Het boek gaat over misogynie. En over wat
dat woord betekent, en hoe het nog steeds een bestaande problematische praktijk
aanduidt als we het woord tenminste op een nuttige manier interpreteren. Want misogynie moeten we niet letterlijk
opvatten als de haat die iemand voelt ten aanzien van vrouwen als vrouwen. Immers,
vrouwen kunnen misogien zijn, zonder daarom zichzelf te haten. En weinig mannen
zijn over de hele lijn en in die letterlijke zin van het woord vrouwenhaters.
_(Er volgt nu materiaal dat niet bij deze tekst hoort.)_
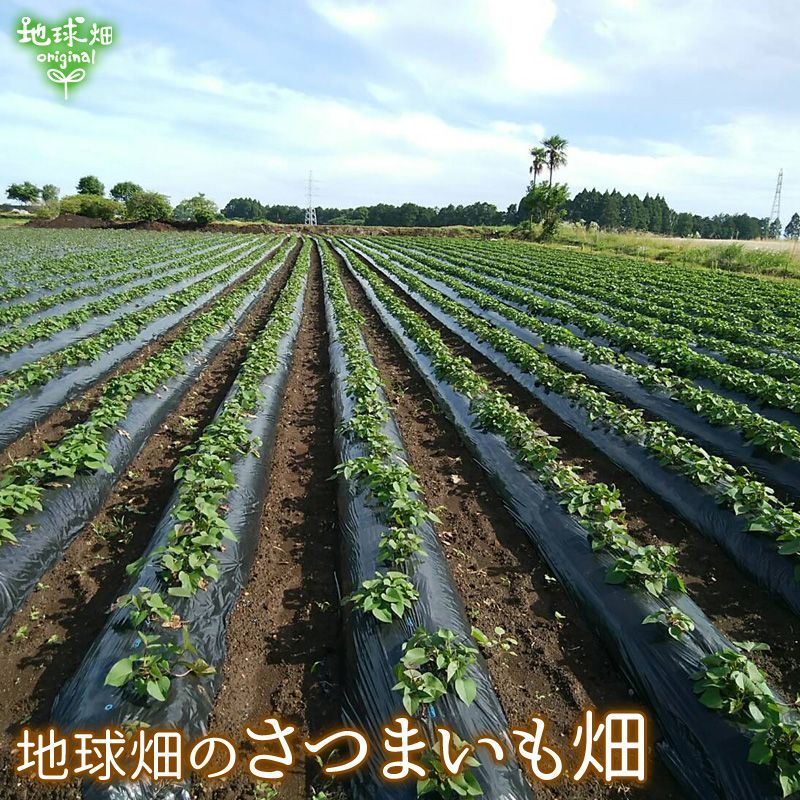 （訳あり）紅はるか 9kg 農薬・化学肥料不使用 鹿児島県産 宮崎県産 訳アリ わけあり B品 土付き さつまいも サツマイモ べにはるか 国産 無農薬 自宅用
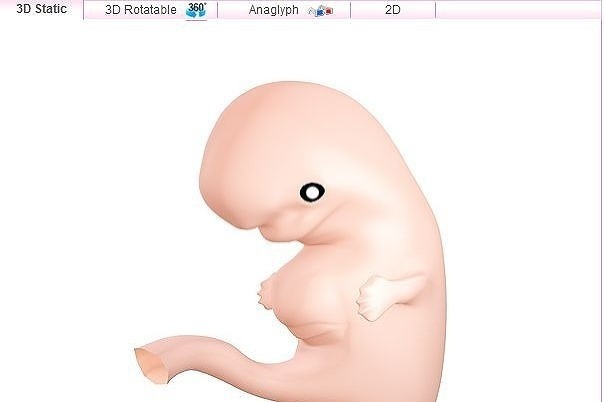 Embryo vo ôsmom týždni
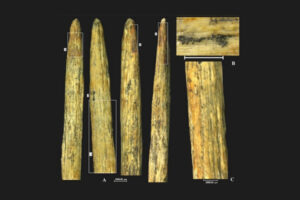 2b7b13cc46762b659cb3a55c239c675e.jpg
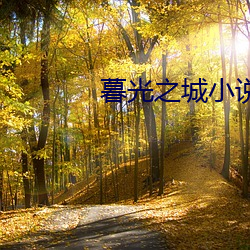 暮光之城小说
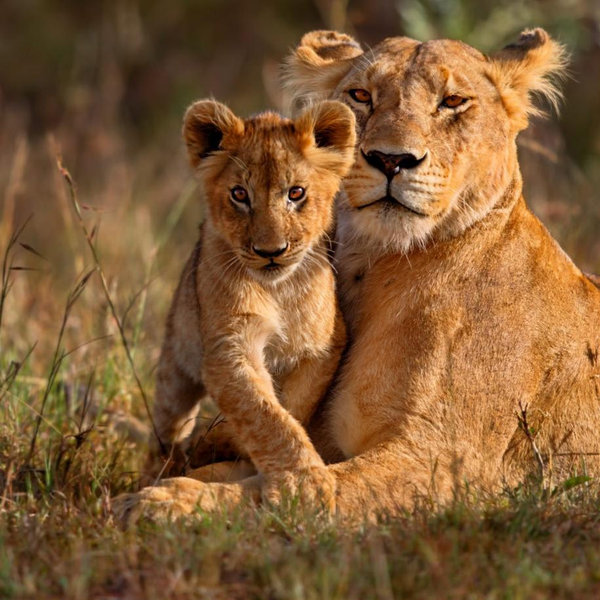 Safari Honeymoon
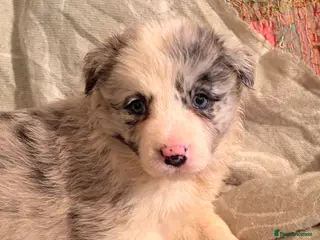 Border Collie dogs HEALTH TESTED CLEAR PARENTS BORDER COLLIE PUPS - Advert 5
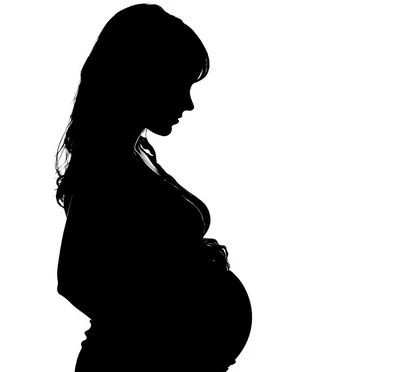 Silhouette Of A Pregnant Woman In Profile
Bijna alle mannen houden wel van een
vrouw, al was het hun moeder of dochter. Maar dat feit sluit niet uit dat ze
toch misogien kunnen zijn. Die mogelijkheid wordt perfect bewezen door de
niet-grappig bedoelde maar zo pijnlijk grappige uitspraak van een Amerikaanse
vrouw op televisie die uitlegt waarom
ze, als vrouw, toch voor Donald Trump stemt: “Als hij echt vrouwen haat, waarom
is hij er dan met drie getrouwd?”… Daar had de interviewer niet meteen van terug.
Hoe uitleggen aan iemand die deze uitspraak doet, dat het tweede deel van haar
zin evengoed het eerste deel zou kunnen bevestigen in plaats van ontkennen?
Manne vermeldt dit specifieke voorbeeld
niet, maar aan de hand van vele andere voorbeelden uit de Amerikaanse
actualiteit toont ze aan waar de denkfout zit, en hoe we die kunnen vermijden
door misogynie niet op te vatten als een persoonlijke houding of gevoel maar
als een maatschappelijke tendens van vrouwenonderdrukking. En die tendens zien
we nog overal om ons heen grijpen, eenmaal we er leren oog voor te hebben. Misogynie
uit zich in het opleggen en naleving controleren van bepaalde
gender-gerelateerde rollen en normen. Zolang vrouwen zich bezighouden met
zorgen voor, dienen van, bijdragen aan, steunen van anderen zal het beest misogynie
zich niet roeren, en kan iedereen denken dat feminisme voorbij gestreefd is, dat
Internationale Vrouwendag overbodige aandacht-trekkerij is, dat (westerse) vrouwen
vandaag de dag toch volledig erkend worden in hun autonomie. Maar Hillary
Clinton weet wel beter. En het duidelijkste Vlaamse voorbeeld van de voorbije
jaren dat mij te binnen schiet is de passage van Linda De Win in De Slimste
Mens. Hun autonome keuzes konden niet op respect van allen rekenen. Manne
besteedt verschillende hoofdstukken aan de presidentsverkiezing van 2016, en ze
toont overtuigend aan dat Clinton het niet enkel moest opnemen tegen bullebak
Trump maar tegen een leger van al dan niet zelfbewuste soldaten van het
patriarchaat. Clinton trad de klassieke rolverdeling met de voeten, en ze
verlangde naar wat traditioneel mannen toebehoort: (presidentiële) macht. Daarvoor
moest ze boeten.
Manne poneert de ietwat controversiële
stelling dat Trump niet zozeer een seksist is, maar des te meer een misogynist.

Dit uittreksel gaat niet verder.